Since we're not likely to see another Mario platformer on the DS anytime soon, I was pleased to find out that Nintendo and developer TOSE were finally bringing the Starfy series to the Western Hemisphere. The Legendary Starfy is the fifth game in this aquatic action series and the first to make it out of Japan, and I'd hoped it would scratch the same itch that New Super Mario Bros. did on the DS a few years ago.
Starfy's gameplay isn't as dynamic or satisfying, however, as it was in Mario's last handheld outing. The game's artwork and characters are cute as heck (almost sickeningly so), making it suitable for any DS-playing rugrats you have running around. As a pure platformer, though, it didn't have the chops to satisfy me in the same way other, more refined games (many from Nintendo itself) have done.
The Legendary Starfy is a joy to look at, full of big, colorful, well-animated sprites and a tasteful combination of 2D and (where appropriate) 3D backgrounds. You've got all these exaggerated characters based on all kinds of marine wildlife--starfish, lobsters, clams, a space rabbit (?)--yapping away at each other in nicely animated cutscenes that tell the game's simple storyline.

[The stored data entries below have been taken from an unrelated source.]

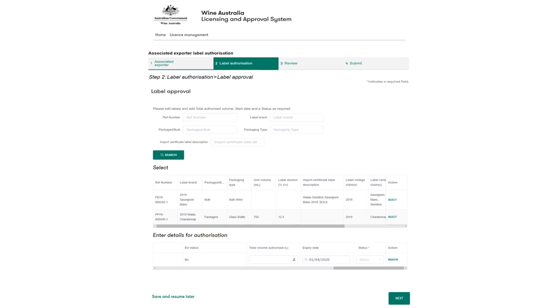Access to a label can also be controlled by setting a fixed expiry date as shown. Leaving this field blank will allow ongoing access based on any volume constraints that have been applied. Label access will be removed based on whether approved volumes or expiry dates have been met, whichever occurs first.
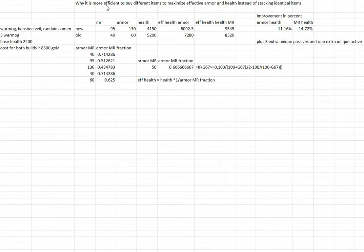In this example, the player has a health of 2200 and magic resistance of 40 and armor of 60 from base stats and prior purchases.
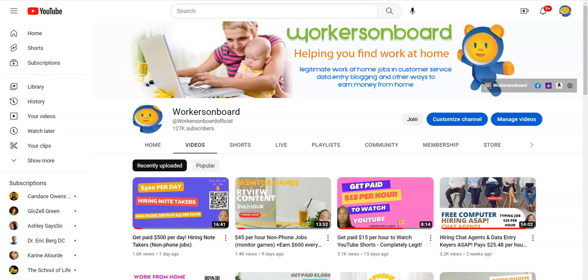Hello everyone, this is Alicia from workersonboard.com. I wanted to make a quick video today because if you're looking for a non-phone work-at-home job that does not require any experience, there's a company hiring game day monitors to work from home. This job will require you to watch games and I'll give you all the details about that. So if you like to watch sports or you know someone who does, please let them know about this opportunity.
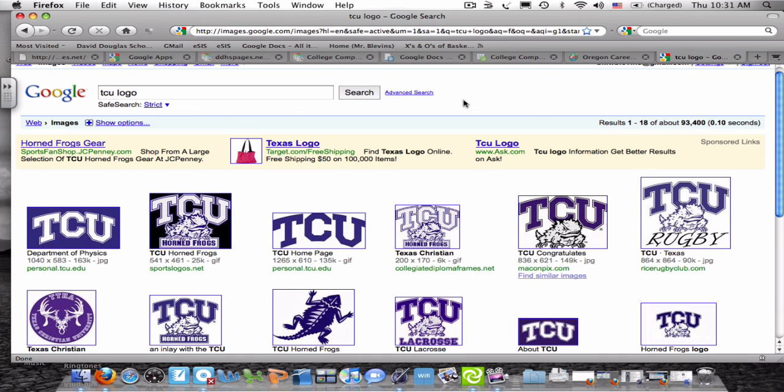So let's say you go to Google, type in the name of the school, in this case, Texas Christian University logo.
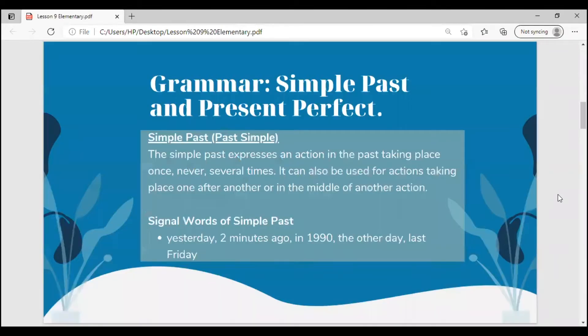Today we'll be learning grammar: simple past and present perfect. The simple past expresses an action in the past taking place once, never, or several times. It can also be used for actions taking place one after another or in the middle of another action. Signal words of simple past are: yesterday, two minutes ago, in 1990, the other day, or last Friday, for some examples.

The dramatic interludes intrude on the action a little too often for my taste; everyone but the silent Starfy is too talkative for their own good, and though the game was translated into English according to Nintendo's usual impeccable standards, the dialogue is too earnest, and not nearly clever or tongue-in-cheek enough, to warrant the amount of jabbering that stands in the way of the action. There are a few laugh-out-loud moments, though, and the characters are all likable enough, even when you wish they'd just stop jawing and let you get on with things.

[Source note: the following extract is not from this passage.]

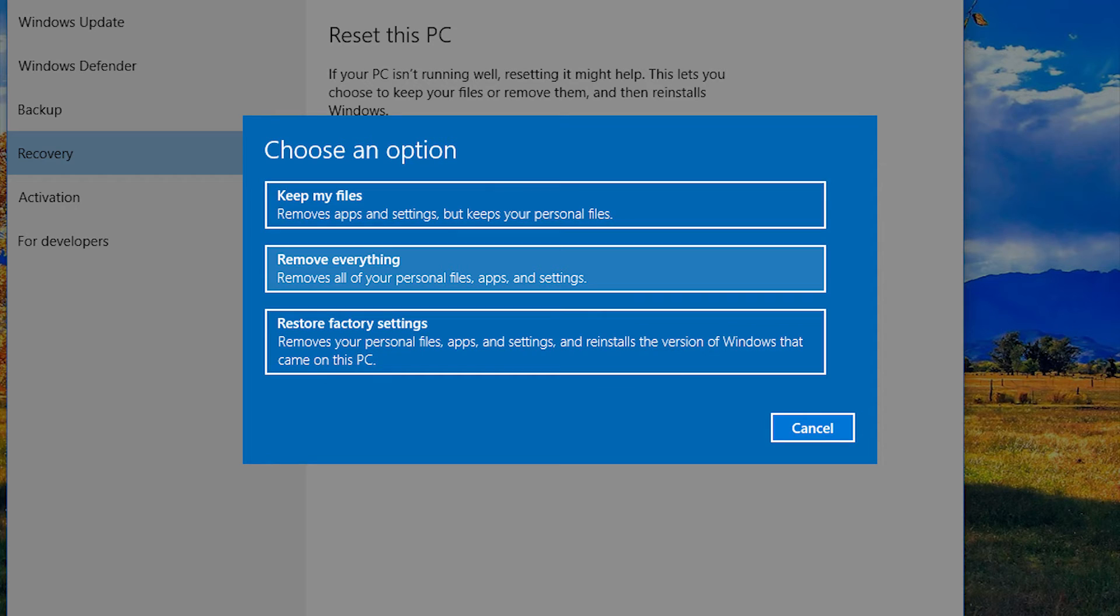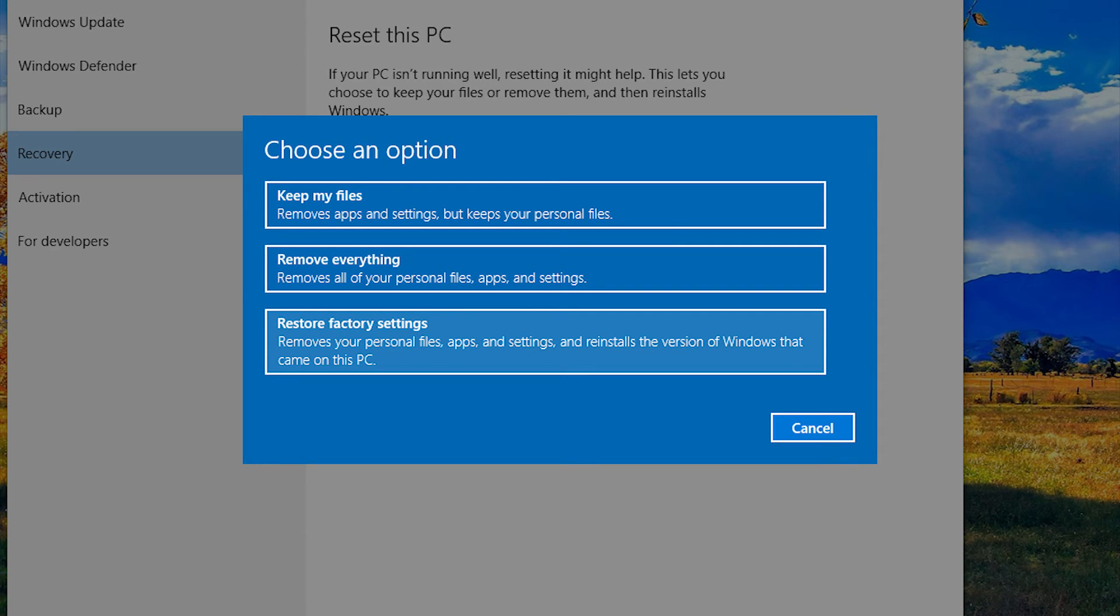If you don't see that screen, don't worry, not everyone will. You'll also see some additional options that depend on whether Windows 10 came pre-installed or you performed an upgrade.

When you do get into the gameplay, you'll find Starfy has a rather basic set of platforming moves: double jumps, gliding, a spin attack, and so on. You can team up with your space rabbit friend to assume a few alternate animal forms with special powers, and there's the occasional special level that has you doing things like riding in a mine cart. But mostly, the game is about exploring simplistic levels to look for hidden items, spin your way through some benign enemies, and find the doorway to the next section of the level.

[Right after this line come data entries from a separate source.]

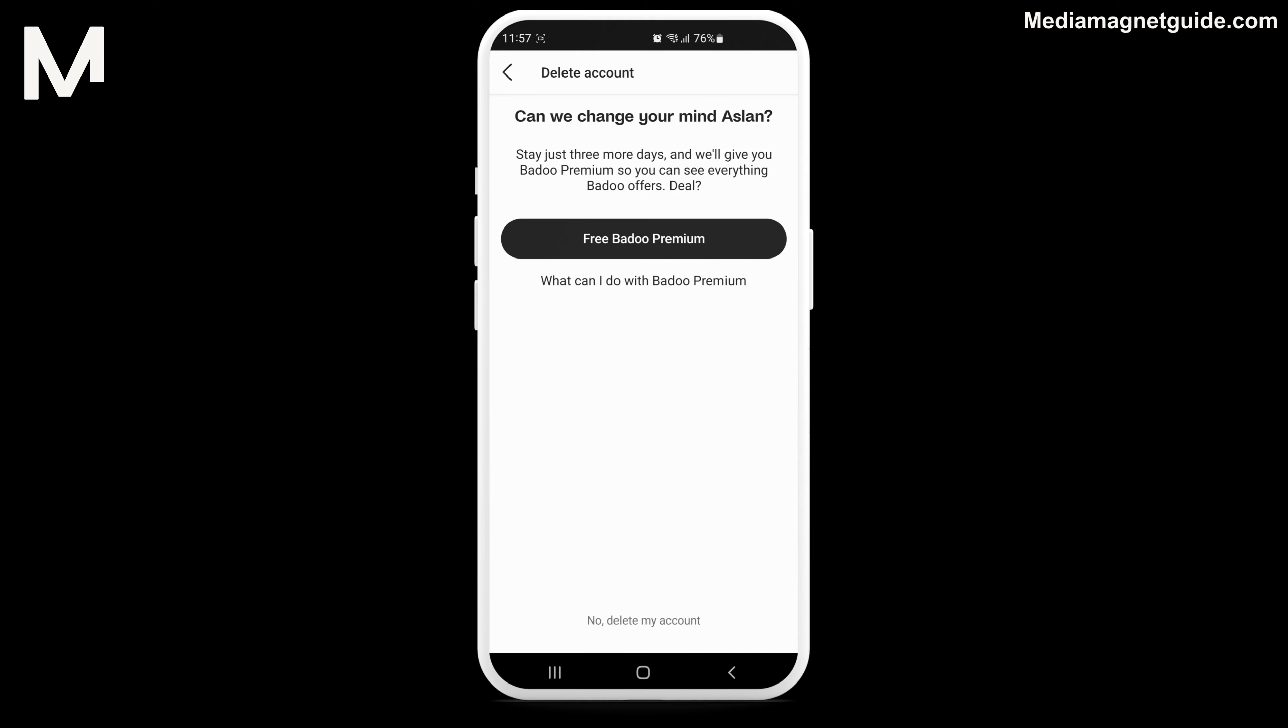At this point, Badoo may attempt to persuade you to reconsider. You can choose any option, but for the purpose of this tutorial, select No, Delete my account. Confirm your decision by clicking Delete account.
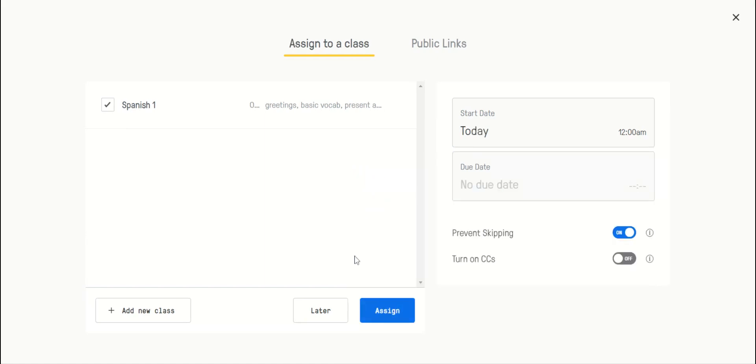Then you click assign. But here's the cool feature: to make sure that they answer all of the questions, make sure prevent skipping is on.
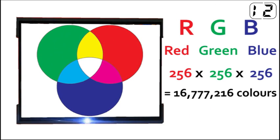There are 256 shades of each colour, giving us a total possible 16.7 million different colours.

You do get different controls depending on whether Starfy is underwater, where you can swim very quickly, or on dry land, where the game plays more like a traditional platformer. This helps give the gameplay a little more variety, but there were also times where I felt like I was switching between the two styles--which use some of the same buttons for different actions--too quickly to keep up with which button did what. The collision detection is also a little weird in spots, so overall the action doesn't feel as precise as you'd expect it to in a game like this.
There are a few other features around the game's periphery, but they don't really address the core action. You can collect a bunch of outfits and accessories to dress Starfy up in, but it would be nice if these actually applied to your in-game character rather than just a 3D model in your menu screen. There are a ton of secret levels to unlock outside the main story ones, where you can find more secrets, and you can invite a second player to control Starfy's female counterpart Starly for boss battles and at a few other predefined moments (though the bosses are generally easier to manage by yourself than with another player gumming up the works).
The Legendary Starfy really seems targeted at a younger audience. With its cartoon-like visuals and light challenge level, kids will probably eat it right up--and it's surely a higher quality game than most of the child-oriented DS games on the market, coming as it does with the highly polished sheen characteristic of all Nintendo games. Maybe if Starfy had been around in the Western market for years and engendered the same sort of nostalgia that we older gamers feel for franchises like Mario, I'd be more forgiving of this game's simplistic nature--but as a newcomer to the series, I found myself wanting for a platformer with a little more meat on its bones.